Chronic or recurrent abdominal pain affects a substantial proportion of children and adolescents1,2. The majority of youth with chronic abdominal pain will not have an identified organic disease but will report symptoms consistent with one of the functional gastrointestinal disorders (FGIDs) as defined by Rome criteria3,4. There are four pain related FGIDs with irritable bowel syndrome (IBS) being one of the two most common5. Rome IV, the most current version of Rome criteria, defines IBS by the presence of one of the following symptoms: pain related to defecation, pain associated with a change in stool frequency, or pain associated with a change in stool form4. IBS is further sub-categorized as IBS with predominant constipation (IBS-C), IBS with predominant diarrhea (IBS-D), mixed IBS with alternating constipation and diarrhea (IBS-M), and as unsubtyped4,6. Among a variety of other factors, visceral hyperalgesia, inflammation and psychosocial factors have been highly implicated in the pathogenesis of IBS7,8.
Inflammatory cells which have been evaluated in IBS include mast cells, eosinophils, and lymphocytes, particularly T cells.
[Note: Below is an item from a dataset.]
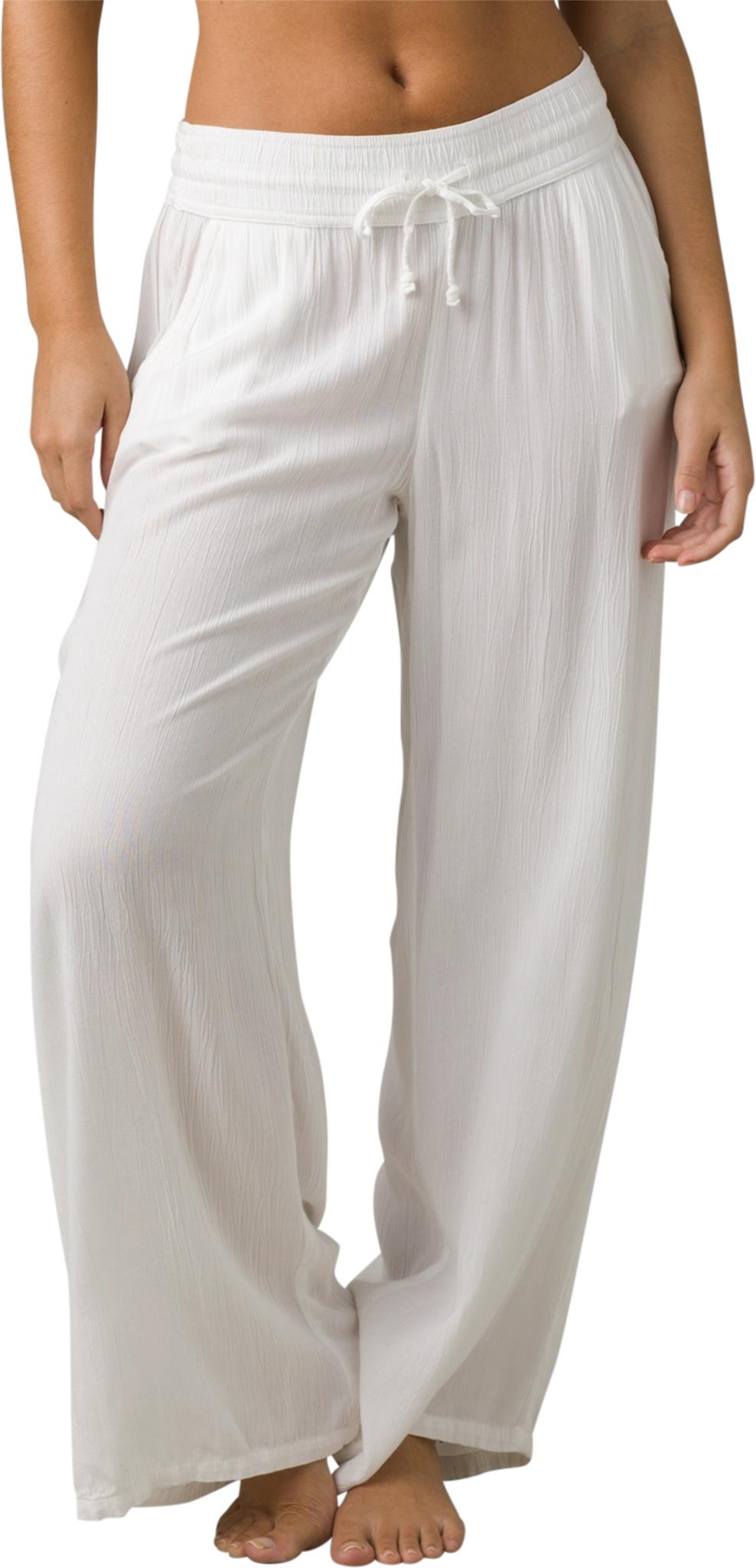 Numéro de l'image de la galerie de produits 1 pour le produit Pantalon de plage Fernie - Femme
Mast cells have been highly implicated in IBS pathogenesis in both IBS-C and IBS-D9,10. IBS has been associated with an increase in the density of degranulating mast cells, while the density of mast cells in close proximity to enteric nerves correlates with abdominal pain severity11.
Eosinophils have been much less studied in the context of IBS. Although one study reported increased cecal eosinophils in adults with IBS, most studies, including one pediatric study, have found no differences in eosinophil density or in stool eosinophil protein concentrations12,13,14,15,16,17,18. While eosinophils do not appear to be increased across the population of patients with IBS, there may be a subset where eosinophils play a role. Park and colleagues reported increased colonic eosinophils in a subset (23 out of 42) of IBS patients19.
T lymphocytes have been implicated in both adult and pediatric IBS but TH17 cell density has not been specifically evaluated8,20. IL-17 has been implicated in IBS, particularly post-infectious IBS, in some but not all studies21,22,23. Increased serum IL-17 has been associated with D-IBS and related to symptom severity in one study, while serum IL-17 did not differ between IBS patients and controls in another study24,25. To our knowledge, density of mucosal TH17 cells has not previously been evaluated in IBS.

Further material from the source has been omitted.